A primeira é uma sinalização clara de que haverá fiscalização e que não será tolerada a permanência de atividades ilegais. É importante mudar a narrativa do governo federal, porque ela forma uma cultura empresarial. E a narrativa do governo hoje é que, se a Amazônia não for desmatada, os 25 milhões de pessoas que moram lá vão morrer de fome. Uma narrativa perniciosa que estimula os atores locais a adotarem as piores práticas.
Também é preciso valorizar o trabalho feito por organizações não governamentais, que junto com as populações tradicionais na floresta são os atores dessa economia do conhecimento da natureza. E apoiar a junção entre comunidade científica, organizações não governamentais e empresários voltados à exploração sustentável da floresta.

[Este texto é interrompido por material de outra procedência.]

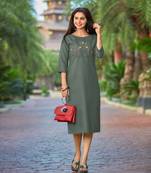 Dark-Green Embroidered Cotton Party-Wear-Kurtis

Hoje existem algumas iniciativas fazendo isso, como o Centro de Empreendedorismo da Amazônia, mas sem qualquer tipo de apoio ou sequer entusiasmo governamental.
E também apoiar o multilateralismo democrático, destruído por razões ideológicas pelo atual governo. O Fundo Amazônia era uma das expressões mais emblemáticas da cooperação entre três países democráticos, Noruega, Alemanha e Brasil, para enfrentar o desmatamento.

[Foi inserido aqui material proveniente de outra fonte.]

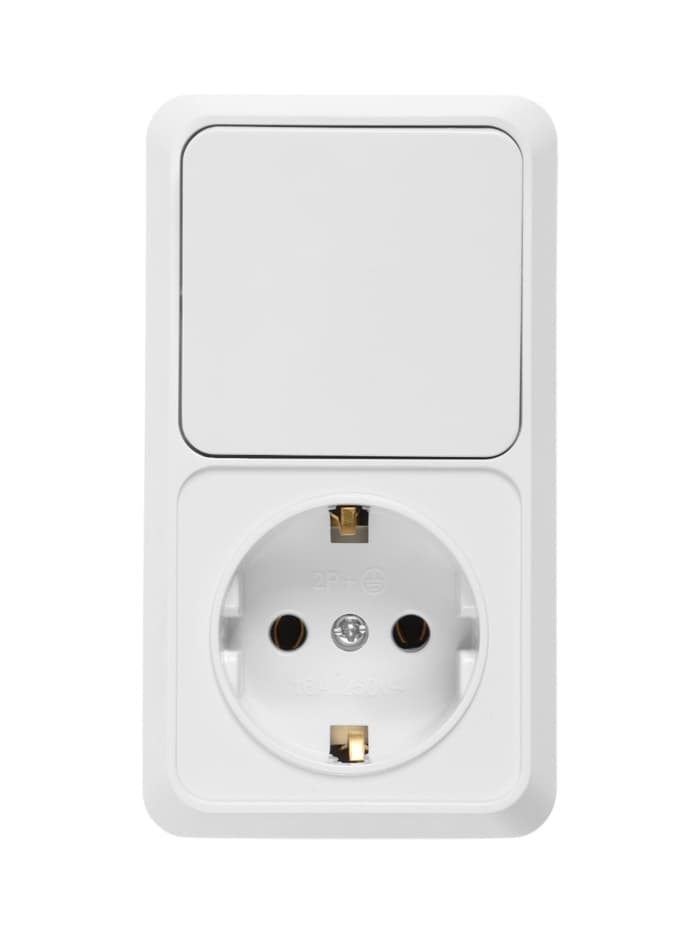 Выключатель одноклавишный с розеткой TANGO, 16 А, IP20, вертикальный, с заземлением, белый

Qual é o formato para estimular a inovação na exploração sustentável da floresta?
Uma proposta, do Carlos Nobre e do Ismael Nobre, são os laboratórios de inovação da Amazônia, para descentralizar o processo de inovação e multiplicar as possibilidades de junção entre conhecimentos tradicionais e científicos vindo da academia e das organizações que fazem pesquisa. As universidades têm papel importante, mas sozinhas não são capazes de fazer isso. Existe uma comunidade de pessoas com doutorado em municípios da Amazônia que podem ser a base para isso.
Agora, o formato exato ainda ninguém sabe, é por meio da experimentação, que precisa de apoio governamental. Nos Estados Unidos, quando se tem desafios dessa natureza, a Darpa (agência de pesquisa do departamento de Defesa) lança editais com desafios para estimular processos de experimentação. É importante estimular que grupos procurem dar respostas ao desafio.
Há um embate entre setores do agronegócio e ambientalistas sobre o grau de desmatamento a ser admitido na Amazônia: o desmatamento zero versus o desmatamento de até 20% nas áreas privadas, permitido pelo Código Florestal. Qual é a saída?
A pressão institucional para o desmatamento zero, não o desmatamento ilegal zero, é imensa. Ela se baseia na ideia de que os produtores [e consumidores] de soja querem dissociar o produto de qualquer perigo de desmatamento na Amazônia. E existem condições técnicas de a produção de soja se expandir no Brasil e no mundo sem desmatar a Amazônia e o Cerrado.
Autorizar algo na Amazônia que não seja a economia da floresta em pé pode satisfazer as necessidades de um produtor individual, mas não os interesses do país e da preservação do ecossistema. Não há razão para não aderir ao desmatamento zero integral. Mas o dado importante é que o desmatamento que ocorreu em 2019 não foi o desmatamento desses 20% [autorizados por lei]: 90% do desmatamento de 2019 foram ilegais.
Como você avalia a postura do agronegócio brasileiro em relação à Amazônia?
Há um conjunto de empresários interessados em interromper a devastação na Amazônia, favoráveis ao desmatamento dos 20% [permitidos], mas apoiam a Moratória da Soja, não apoiam a invasão de terras públicas. Por outro lado, há um conjunto de atores econômicos oportunistas incentivando políticas predatórias. A oposição hoje não é bem agronegócio versus ambientalistas, porque uma parte do agronegócio está junto com os ambientalistas, mas dentro do próprio agronegócio.